Wednesday, January 17, 2007

Retail Gas Price Follows Oil Costs Lower, AAA Reports

BURNSVILLE, Minn.--(BUSINESS WIRE)--A rapid drop in the cost of oil from above $60 per barrel to near $51 per barrel in the last two weeks has begun to push the cost of gasoline lower at the pump, according to AAA’s daily, on-line Fuel Gauge Report (

Gail Weinholzer, director of public affairs, AAA Minnesota/Iowa said today the national average price of self-serve regular gasoline has dropped about 5 cents in the last week to $2.229 per gallon, and prospects look good for even lower prices in the weeks ahead.

The key to lower prices will be an oil price that remains near its present level or moves even lowers in the days and weeks ahead, Weinholzer said. Oil and gasoline inventories have been growing for months, and attempts by oil producing countries to scale back production in an effort keep prices up do not appear to be working.

One year ago the price of self-serve regular gasoline was higher than today at $2.321 per gallon, Weinholzer said.

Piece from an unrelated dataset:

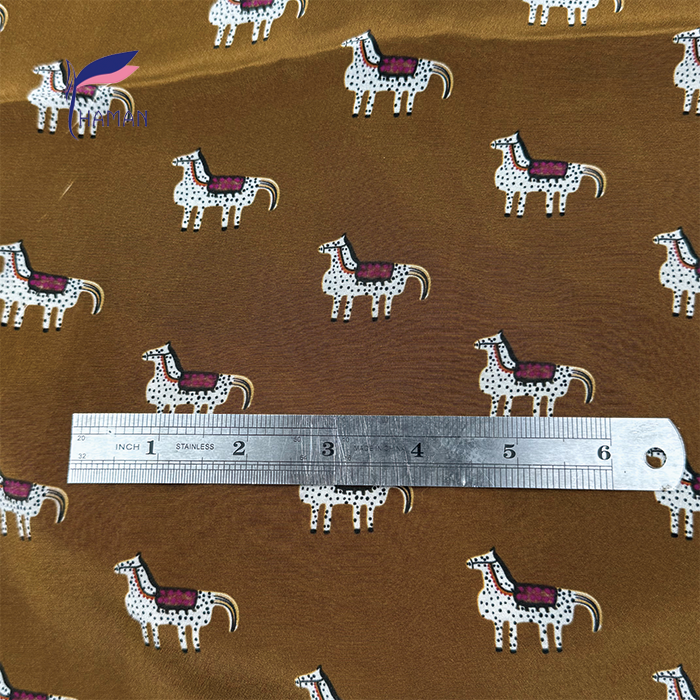 Camel Motif Brown 100% Silk Crepe De Chine 16mm - Exotic Animal Print Ultra Lightweight Scarf & Dress Fabric - Image 3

AAA’s fuel price survey shows Hawaii has the highest average gas price in the nation at $2.919 per gallon. Washington state and Oregon have the next highest average prices; at $2.645 and $2.634 per gallon, respectively.

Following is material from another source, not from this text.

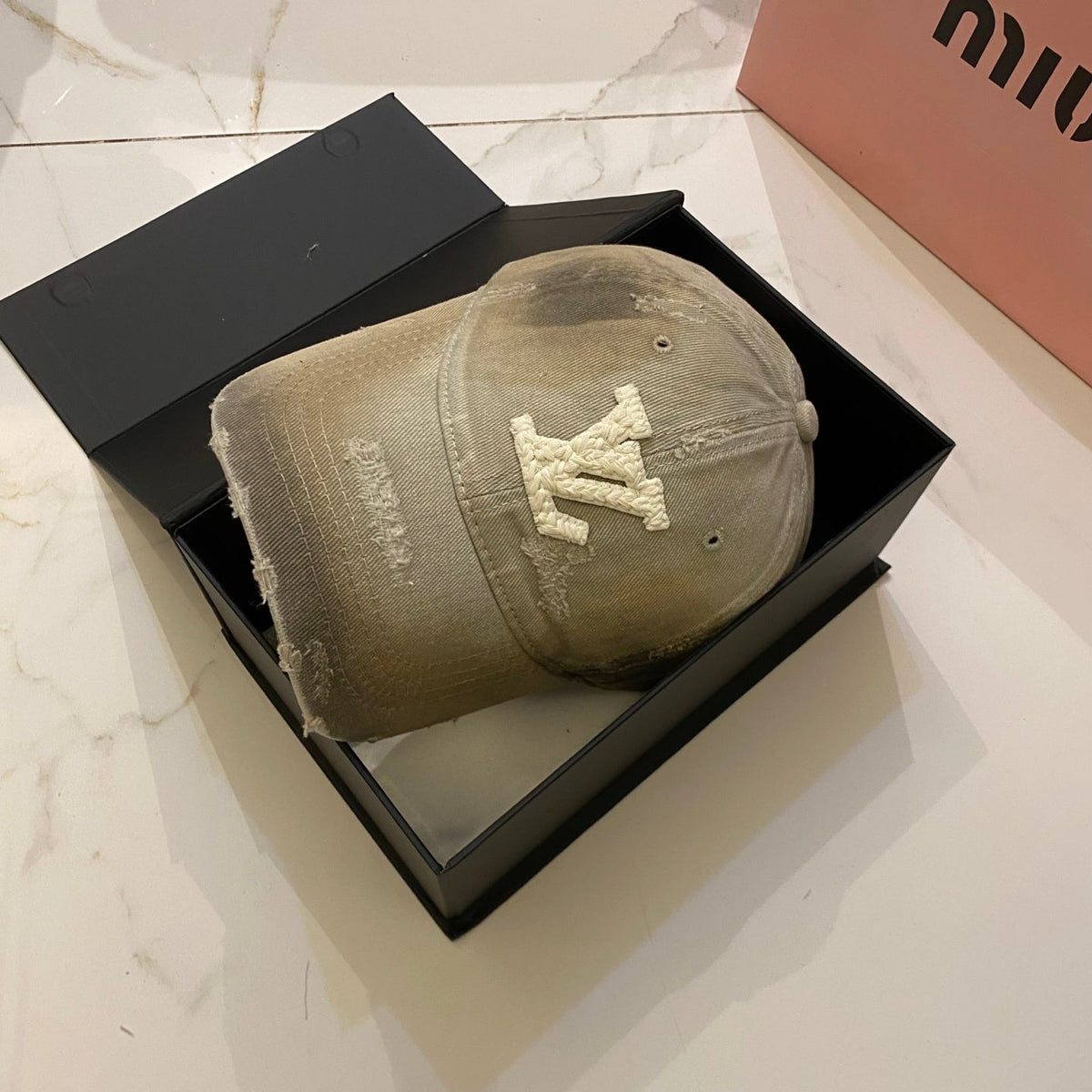 Louis Vuitton Baseball Cap With Distressed Craft And Woven Logo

Missouri has the lowest state-wide average gasoline price in the nation at $2.014 per gallon. Oklahoma has the next lowest price at $2.016 per gallon, followed by Minnesota with an average gas price of $2.017 per gallon.

Nationwide, the price of self-serve, mid-grade gasoline averages $2.367 per gallon, a decline from $2.438 per gallon in the middle of last month, and down from $2.464 one year ago. Self-serve premium averages $2.452 per gallon nationwide; down from $2.526 one month ago. Premium averaged $2.553 per gallon at this time last year.

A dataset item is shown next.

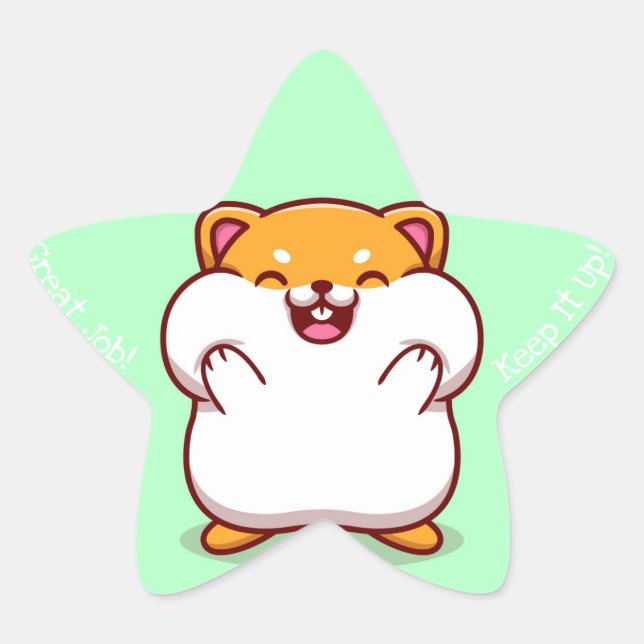 Adesivo Estrela Excelente Job Kawaii Star Sticker (Frente)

The national average prices for self-serve regular unleaded gasoline for AAA's mid-January survey for the last five years are: 2006, $2.321; 2005, $1.812; 2004, $1.561; 2003, $1.468; and 2002, $1.128.

AAA's Fuel Gauge Report is based on data from Oil Price Information Service, the nation's most comprehensive source of petroleum pricing information. AAA purchases the data and makes it available free on the Internet as a public service. Average daily prices for the nation, all 50 states and more than 250 localities are available for all grades of gasoline, making the site the most current and complete public source of fuel price information.